OpenTelemetry is built into Growthbook and is compatible with Datadog. When you say you are letting Growthbook log everything - what exactly are you doing?
I can think of two reasons the logging might be an issue and could cause stats like you are seeing:
1. You are writing the logs to the same machine growthbook is running instead of forwarding it to another service. The machine you are using is running out of disk space, and writing to the disk slows down. Processes build up waiting to write to the disk. The OS continually swaps between the processes seeing who can write to the disk next until the machine dies.
2. There is some bug in Growthbook that is unique to your situation, or something specially that you are doing that breaks logging. The logging itself dies throwing a log message, which then dies and throws a log message, etc... Every new request that comes in sets off this chain, the end result is that the server is doing nothing but writing logs.

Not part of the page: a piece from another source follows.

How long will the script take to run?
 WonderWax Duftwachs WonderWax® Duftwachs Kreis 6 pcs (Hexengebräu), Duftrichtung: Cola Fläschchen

Given that these are possible plausible scenarios, it makes sense to look into whether disk space is an issue, and then try running Growthbook without logging to see if it things perform better.
It is clear to me though from the graph you sent that this is not a performance issue with Growthbook in the sense that a specific route can't handle the amount of experiments/metrics you have, but rather that there is some bug in Growthbook or in your setup such that there is some feedback loop happening that causes the server to go off the rails.